▶ _Work instructions_
Only the lines from the one containing "this 840×500 image." through the end of the material are to be echoed, each exactly as it appears.

==== Information provided

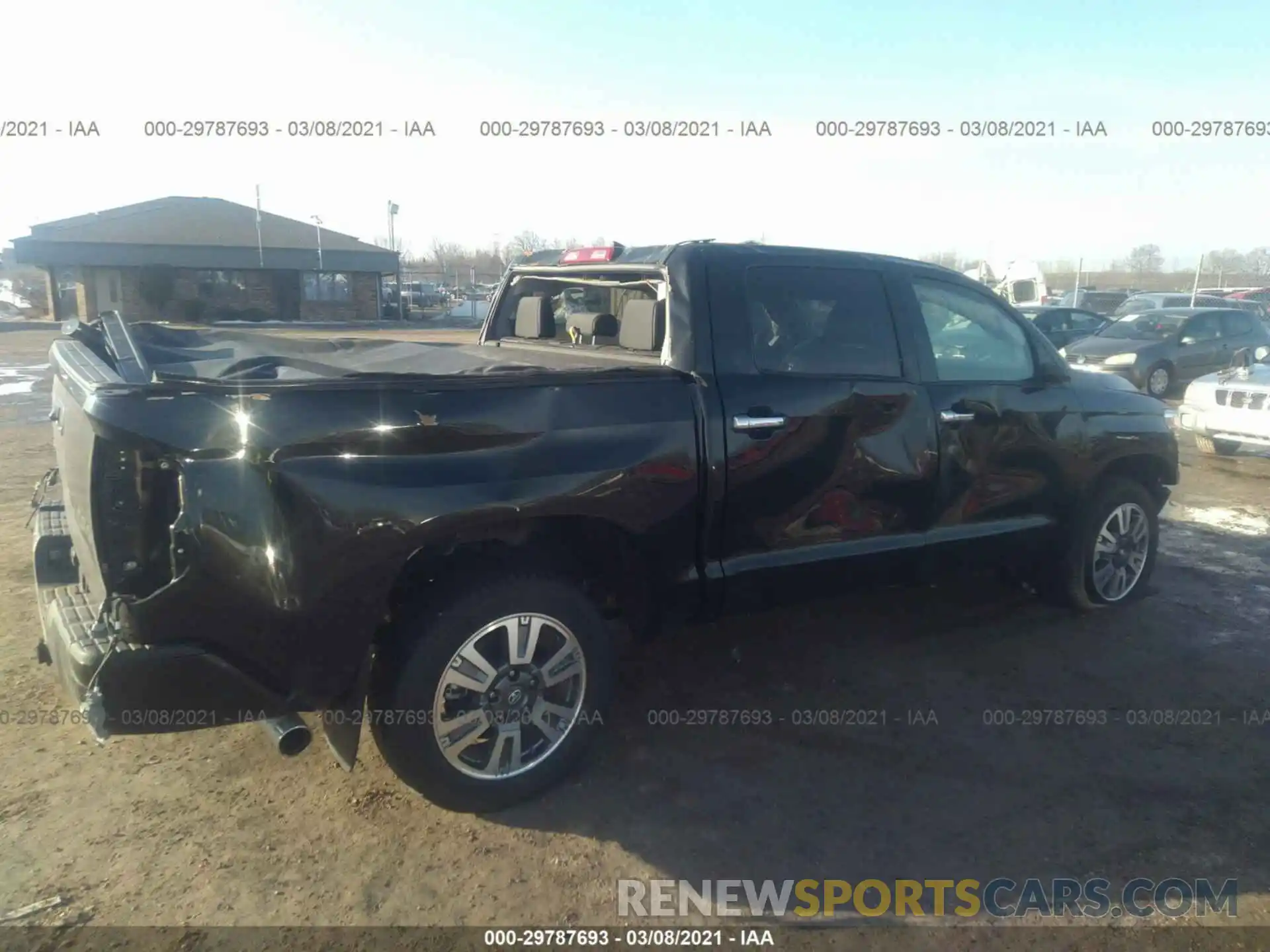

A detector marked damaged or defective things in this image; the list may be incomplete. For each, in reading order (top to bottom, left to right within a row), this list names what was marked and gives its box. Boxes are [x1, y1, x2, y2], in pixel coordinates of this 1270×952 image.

damaged truck bed [32, 239, 1178, 812]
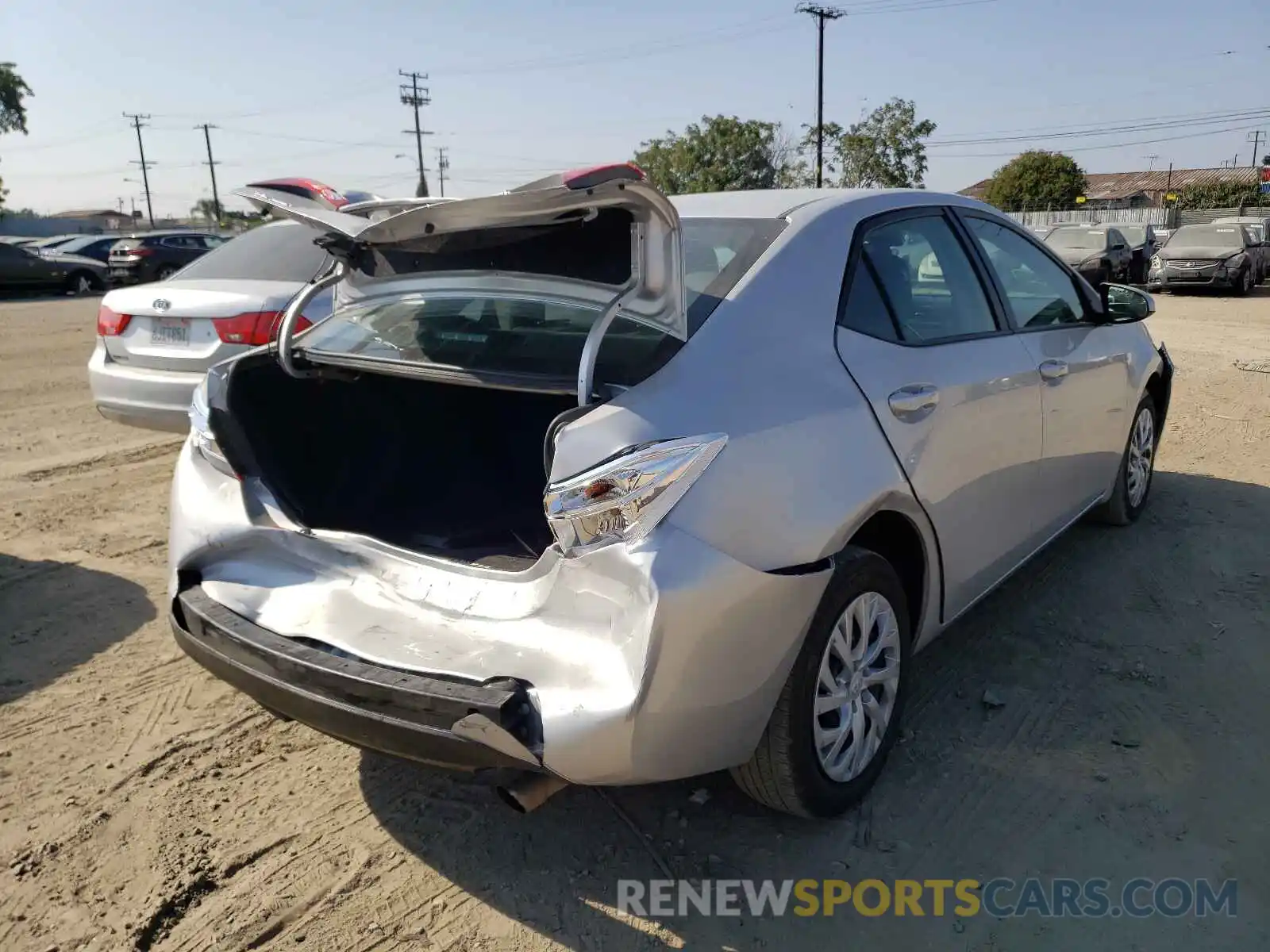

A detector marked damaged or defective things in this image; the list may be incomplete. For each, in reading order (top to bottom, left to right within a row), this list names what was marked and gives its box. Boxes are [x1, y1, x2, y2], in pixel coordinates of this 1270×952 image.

broken taillight [97, 305, 132, 340]
broken taillight [213, 313, 312, 347]
crumpled rear bumper [171, 439, 833, 781]
damaged silver car [164, 166, 1173, 822]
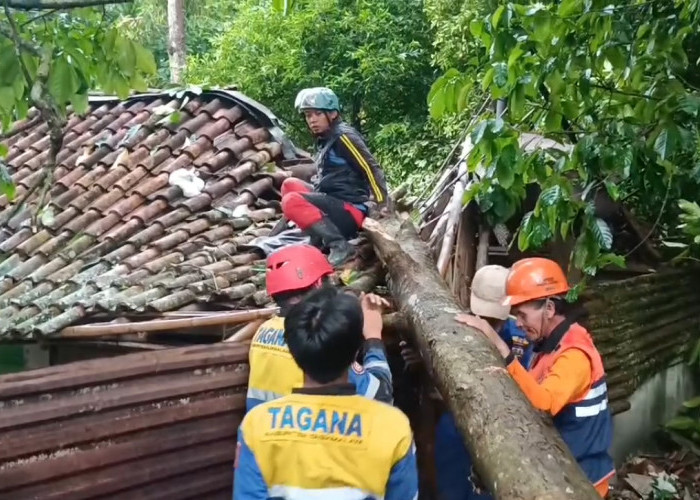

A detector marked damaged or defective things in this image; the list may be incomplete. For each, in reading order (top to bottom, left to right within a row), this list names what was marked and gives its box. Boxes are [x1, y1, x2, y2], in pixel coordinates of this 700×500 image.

broken roof section [0, 89, 314, 340]
damaged tile roof [0, 90, 314, 340]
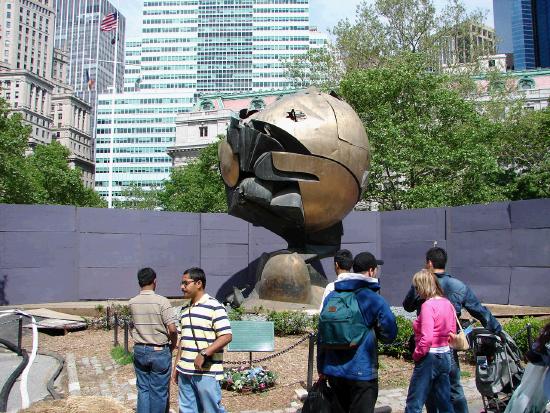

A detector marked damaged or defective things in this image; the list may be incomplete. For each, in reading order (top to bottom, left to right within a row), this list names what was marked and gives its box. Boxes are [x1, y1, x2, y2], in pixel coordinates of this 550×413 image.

damaged bronze sphere sculpture [219, 87, 370, 300]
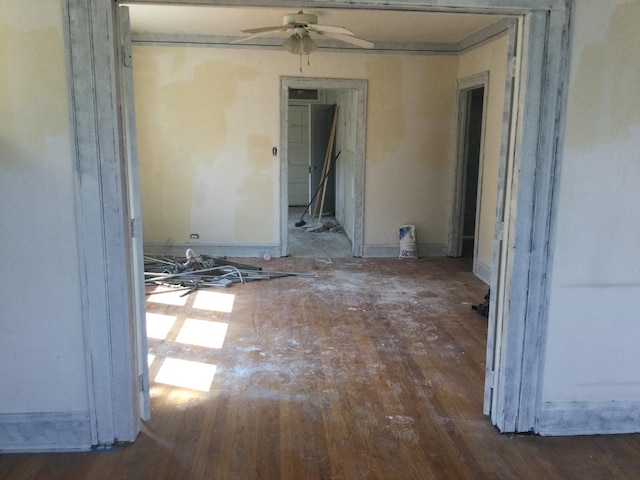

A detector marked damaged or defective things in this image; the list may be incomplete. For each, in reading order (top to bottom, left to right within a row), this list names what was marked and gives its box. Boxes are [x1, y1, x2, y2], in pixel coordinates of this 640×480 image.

peeling paint wall [0, 0, 87, 412]
peeling paint wall [132, 46, 458, 253]
peeling paint wall [456, 34, 510, 278]
peeling paint wall [544, 0, 640, 404]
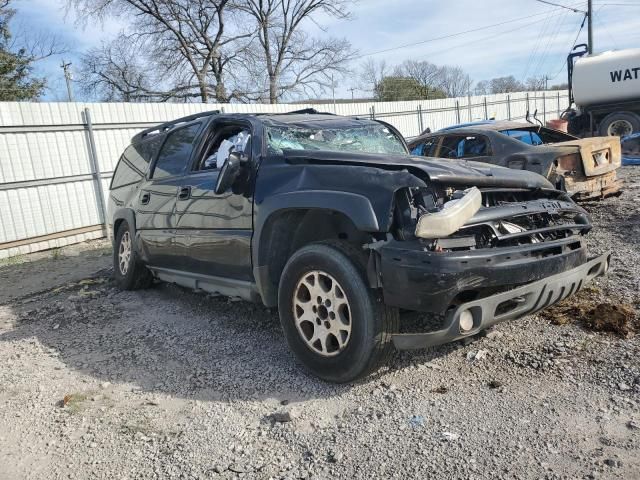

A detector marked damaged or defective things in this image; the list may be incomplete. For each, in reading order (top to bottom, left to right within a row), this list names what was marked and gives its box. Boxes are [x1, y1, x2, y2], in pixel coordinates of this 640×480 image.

shattered windshield [264, 123, 404, 155]
crumpled hood [282, 150, 552, 189]
wrecked black suv [109, 109, 608, 382]
crushed front end [372, 185, 612, 348]
damaged bumper [390, 251, 608, 348]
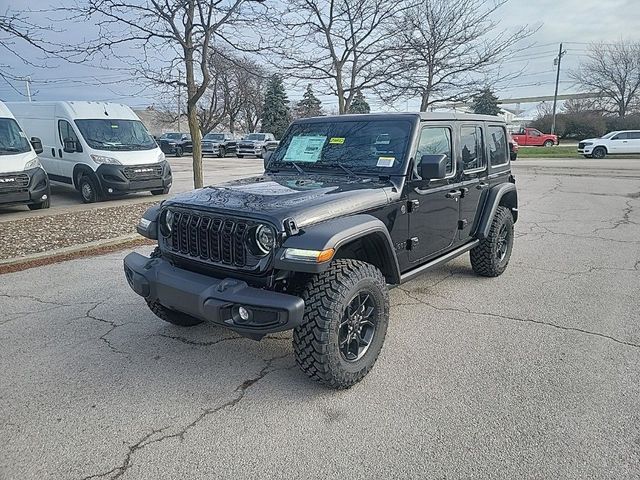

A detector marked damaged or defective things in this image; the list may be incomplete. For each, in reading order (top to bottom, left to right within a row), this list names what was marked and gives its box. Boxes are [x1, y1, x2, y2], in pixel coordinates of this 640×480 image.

crack in asphalt [398, 286, 636, 350]
crack in asphalt [79, 352, 292, 480]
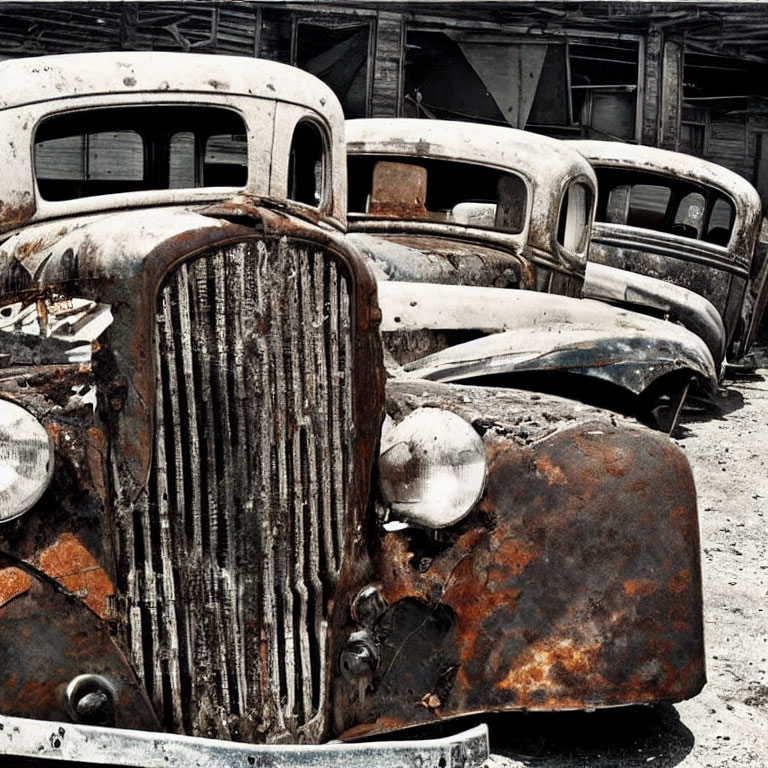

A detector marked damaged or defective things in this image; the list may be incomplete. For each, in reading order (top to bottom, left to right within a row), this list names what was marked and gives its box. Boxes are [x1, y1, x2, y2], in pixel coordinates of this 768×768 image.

broken window opening [294, 18, 372, 118]
broken window opening [36, 105, 248, 201]
broken window opening [286, 118, 326, 207]
broken window opening [348, 152, 528, 231]
rusty vintage car [344, 117, 716, 428]
broken window opening [596, 170, 736, 244]
rusty vintage car [572, 140, 764, 362]
rusty car grille [115, 240, 356, 744]
rust patch on fender [0, 564, 32, 608]
rusty fender [340, 380, 704, 736]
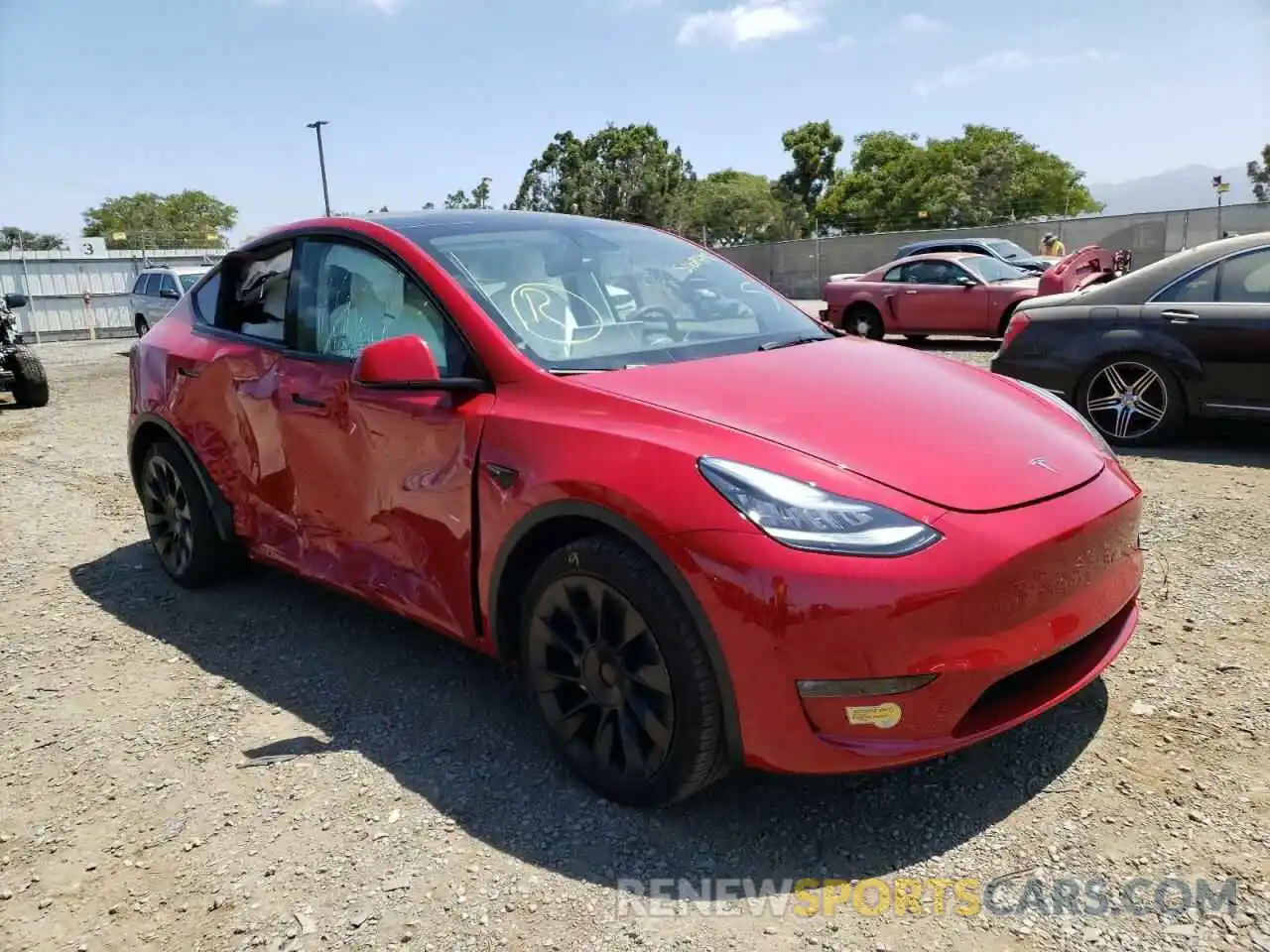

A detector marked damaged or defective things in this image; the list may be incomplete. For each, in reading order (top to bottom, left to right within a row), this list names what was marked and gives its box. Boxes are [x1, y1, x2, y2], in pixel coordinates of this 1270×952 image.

damaged red car [123, 211, 1148, 807]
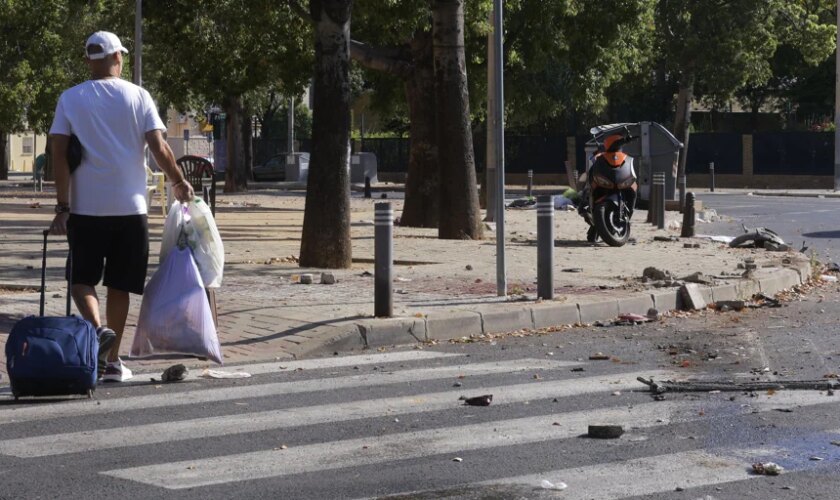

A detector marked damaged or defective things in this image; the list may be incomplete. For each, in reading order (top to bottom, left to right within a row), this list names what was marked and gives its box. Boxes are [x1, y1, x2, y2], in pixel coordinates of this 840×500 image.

broken metal pole [374, 202, 394, 316]
broken metal pole [540, 195, 556, 298]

========

▶ _Written reply_
A detector marked damaged or defective things in this image; the list may be incomplete. For each, in reading order (top to bottom, left to right within a row), this list names what was marked and gives its box. Boxes are [x1, y1, x2, y2], in pixel coordinates of this 840×500 image.

broken metal pole [374, 202, 394, 316]
broken metal pole [540, 195, 556, 298]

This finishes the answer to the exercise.